After she professed her vows, Sr. Rose Marie was sent to South Heart, ND, started teaching elementary school and fell in love with the children, the community, their simple life and their deep faith. "My whole life has been teaching and it is what still gives me joy," she notes. The sisters taught in the public school, then taught religion classes in the parish on Sundays after Mass, and on Saturdays, in Belfield, ND. Together the sisters "had a deep life of prayer, we shared our daily joys and sorrows, and we had the support of the people with whom and to whom we ministered." It was a quietly profound experience.

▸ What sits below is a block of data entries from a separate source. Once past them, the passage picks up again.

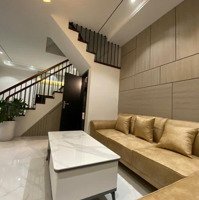 Chính Chủ Cần Bán Nhà 40M2, Nằm Tại Trung Tâm Quận Cầu Giấy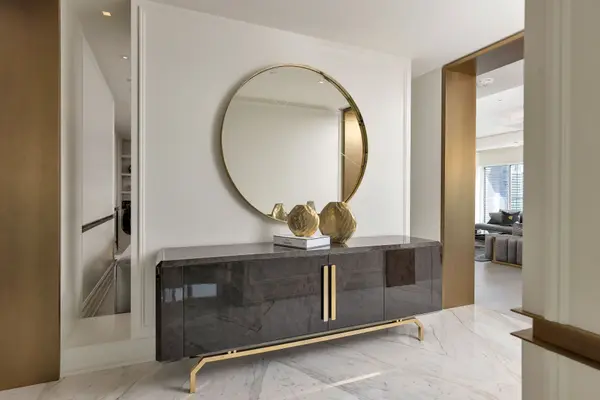 200 Cumberland ST #3802, Toronto C02, ON M5R 0B7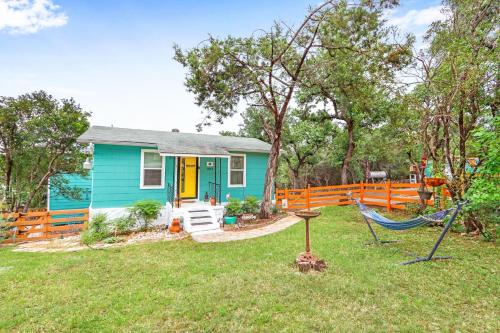 Coop at Canyon Lake in Canyon Lake, United States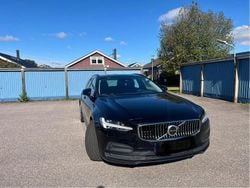 Svart Begagnad 2022 Volvo V90 Kombi | 155 900 kr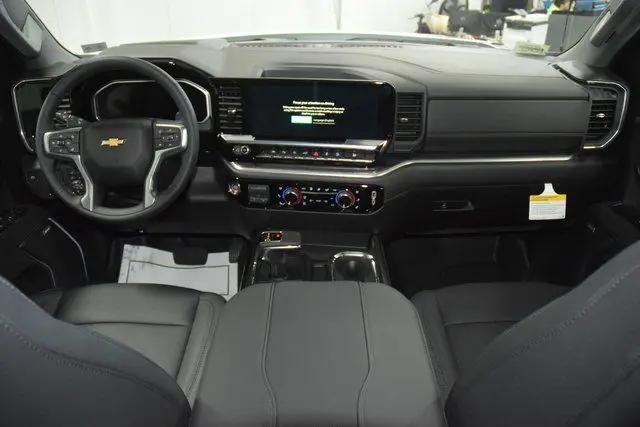 2026 Chevrolet Silverado 1500 4WD Crew Cab Short Bed LTZ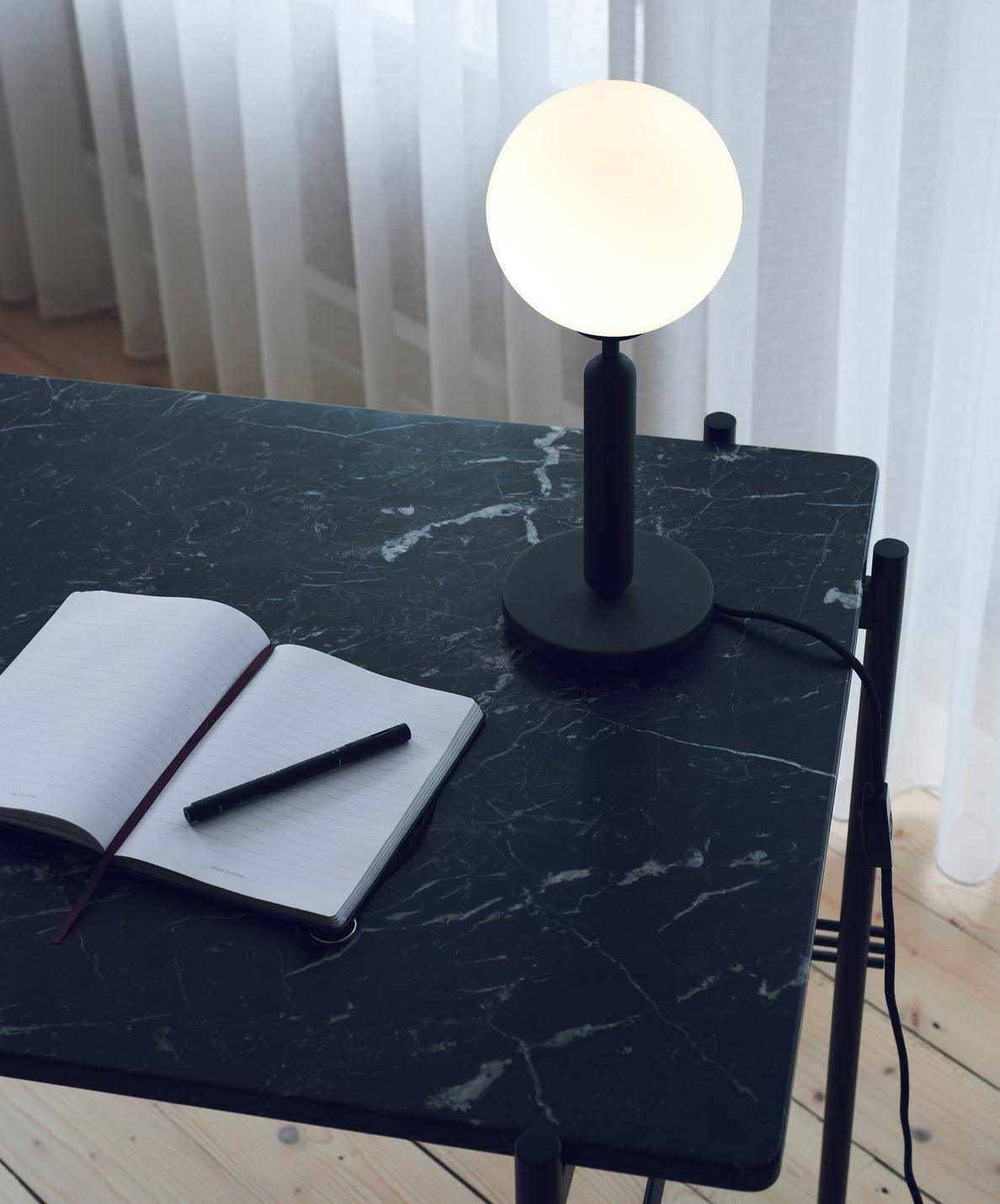 Eirelielle minimalistische tafellamp met glas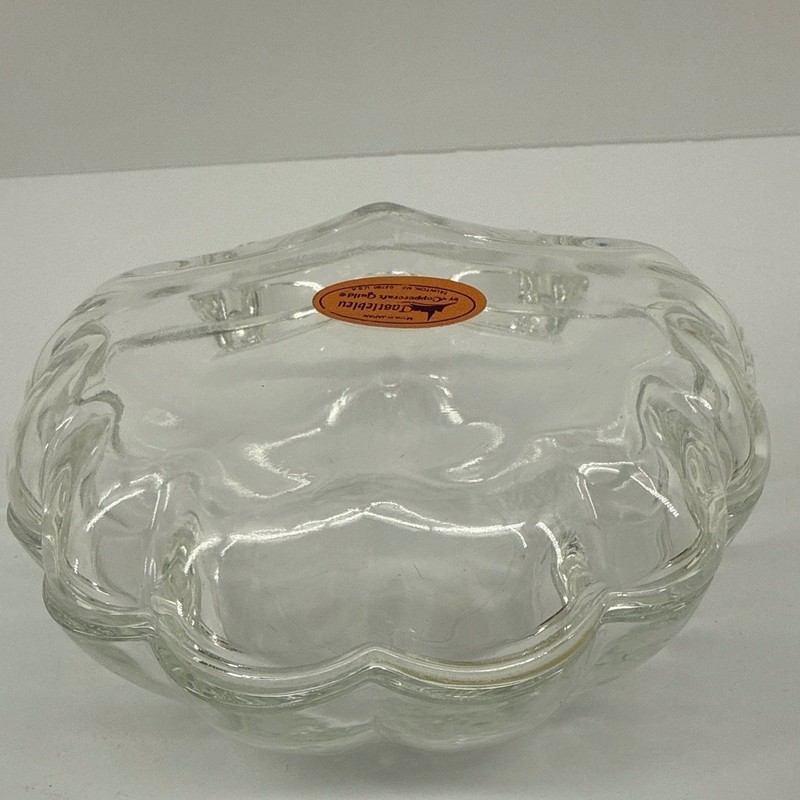 VTG Castlebleu by Coppercraft Guild Glass Shell Dish Trinket Dish Made in Japan gallery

"When I saw kids who had a hard time grasping something and suddenly you saw their faces light up as they 'got it' -- those are experiences I cherish." Sr. Rose Marie continued to have such experiences for more than four decades as schools in the Archdiocese of Chicago, from the northwest suburbs to the South Side, and most recently, as a volunteer math teacher at St. Emily School in Mt. Prospect.
She has found that "kids are the same," but there are sharp differences in the challenges from school to school, from community to community. She comes back to that community in North Dakota, where the community was 100 percent Catholic, and the strong faith of the parents was embraced by their children. Praying the Rosary and other devotions were common activities; "they all had a strong desire to excel and they had a deep respect for nature."
One year drought gripped the area, and the crops were in danger of failing without rain. "The pastor brought us out with our Rosaries and the statue of the Blessed Virgin, and we prayed for rain." School was dismissed at noon that day, "and rain began to fall," Sr. Rose Marie recalls.
Over the years, there have been other challenges, particularly when she was called to serve as Provincial Secretary, first for Sacred Heart Province (Des Plaines) and then for the new Holy Family Province in 2007. "I'm not a writer," she says, so the secretarial post was particular challenge at first. "I learned that if you wait and trust, the grace will come. Those experiences left me with an appreciation for those in administration and for our sisters who offer their love and support."
Today, she is back in the ministry she loves - eaching math as a volunteer at St. Emily'. She enjoys reading, nature, and has taken up card-making, quilt-making and knitting. And most of all, she is enjoying spending more time in prayer, staying in close relationship with the Holy Family of Nazareth and offering her services to her sisters whenever she can.